Exercise goal:
The expected output is an exact copy of each line from the line with "Чоловіча функціональна футболка" through the end of the data below, with no pictures in it.

Source material:
═══

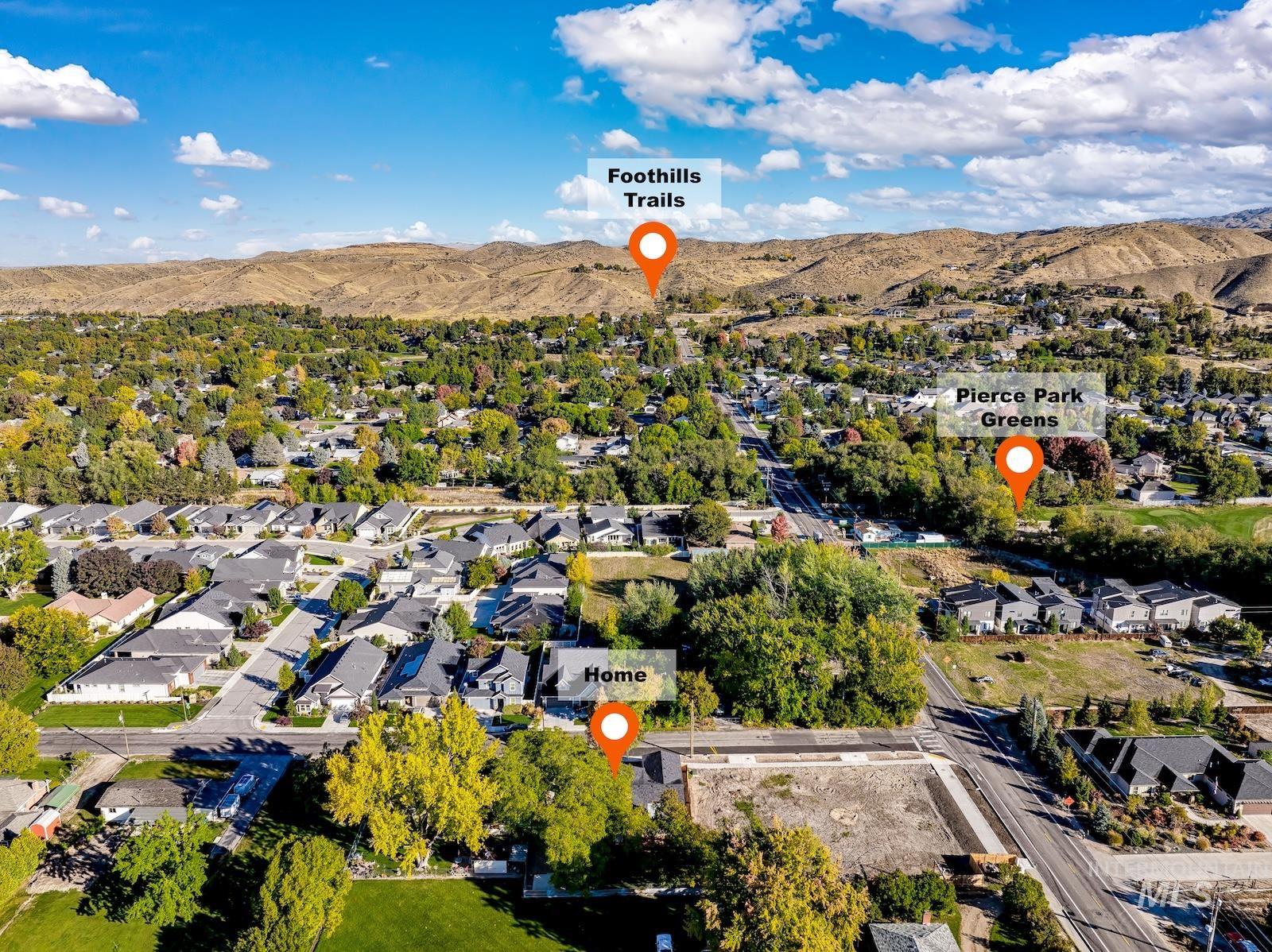 6415 W Saxton Ave., Boise, Idaho 83714, 5 Bedrooms, 3.5 Bathrooms, Residential For Sale, Price $629,900,MLS 99003066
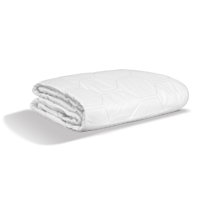 Twin 4.0 Hyper-Cotton™ Mattress Protector with Hyper-Cotton Fabric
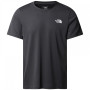 Чоловіча функціональна футболка The North Face Lightbright S/S Tee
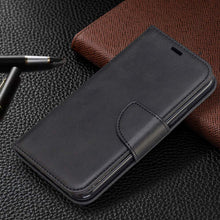 Carica l'immagine nel visualizzatore di Gallery, N NEWTOP Cover Compatibile per Samsung Galaxy A10, HQ Lateral Custodia Flip Libro Magnetica Portafoglio Simil Pelle Stan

═══

Response for this exercise:
 Чоловіча функціональна футболка The North Face Lightbright S/S Tee
 Carica l'immagine nel visualizzatore di Gallery, N NEWTOP Cover Compatibile per Samsung Galaxy A10, HQ Lateral Custodia Flip Libro Magnetica Portafoglio Simil Pelle Stan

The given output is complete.